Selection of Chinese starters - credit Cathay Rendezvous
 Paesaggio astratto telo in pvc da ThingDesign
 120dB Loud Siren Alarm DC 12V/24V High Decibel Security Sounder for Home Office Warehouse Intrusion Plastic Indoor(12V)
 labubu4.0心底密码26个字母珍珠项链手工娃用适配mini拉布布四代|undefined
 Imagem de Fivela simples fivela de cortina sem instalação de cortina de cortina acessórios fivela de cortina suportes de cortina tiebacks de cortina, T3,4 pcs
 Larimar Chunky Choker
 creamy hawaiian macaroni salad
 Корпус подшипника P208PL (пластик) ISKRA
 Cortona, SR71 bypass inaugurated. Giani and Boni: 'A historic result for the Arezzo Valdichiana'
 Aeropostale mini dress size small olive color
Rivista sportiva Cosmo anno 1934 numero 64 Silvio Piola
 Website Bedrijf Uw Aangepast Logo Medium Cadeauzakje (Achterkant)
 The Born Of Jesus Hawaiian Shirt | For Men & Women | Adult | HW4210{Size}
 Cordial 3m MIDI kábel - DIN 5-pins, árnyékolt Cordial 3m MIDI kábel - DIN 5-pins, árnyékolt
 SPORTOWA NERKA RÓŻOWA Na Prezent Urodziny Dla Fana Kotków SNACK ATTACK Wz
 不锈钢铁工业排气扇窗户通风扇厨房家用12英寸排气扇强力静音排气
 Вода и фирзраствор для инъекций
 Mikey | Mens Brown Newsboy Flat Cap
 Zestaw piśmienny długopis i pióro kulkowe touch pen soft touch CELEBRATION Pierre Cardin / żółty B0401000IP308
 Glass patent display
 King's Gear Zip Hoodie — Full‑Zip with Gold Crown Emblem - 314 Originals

> **Task description**: Print only these lines, exactly: the one containing "creamy hawaiian macaroni salad" and all after it to the end of the entries.

> **Written answer**:
 creamy hawaiian macaroni salad
 Корпус подшипника P208PL (пластик) ISKRA
 Cortona, SR71 bypass inaugurated. Giani and Boni: 'A historic result for the Arezzo Valdichiana'
 Aeropostale mini dress size small olive color
Rivista sportiva Cosmo anno 1934 numero 64 Silvio Piola
 Website Bedrijf Uw Aangepast Logo Medium Cadeauzakje (Achterkant)
 The Born Of Jesus Hawaiian Shirt | For Men & Women | Adult | HW4210{Size}
 Cordial 3m MIDI kábel - DIN 5-pins, árnyékolt Cordial 3m MIDI kábel - DIN 5-pins, árnyékolt
 SPORTOWA NERKA RÓŻOWA Na Prezent Urodziny Dla Fana Kotków SNACK ATTACK Wz
 不锈钢铁工业排气扇窗户通风扇厨房家用12英寸排气扇强力静音排气
 Вода и фирзраствор для инъекций
 Mikey | Mens Brown Newsboy Flat Cap
 Zestaw piśmienny długopis i pióro kulkowe touch pen soft touch CELEBRATION Pierre Cardin / żółty B0401000IP308
 Glass patent display
 King's Gear Zip Hoodie — Full‑Zip with Gold Crown Emblem - 314 Originals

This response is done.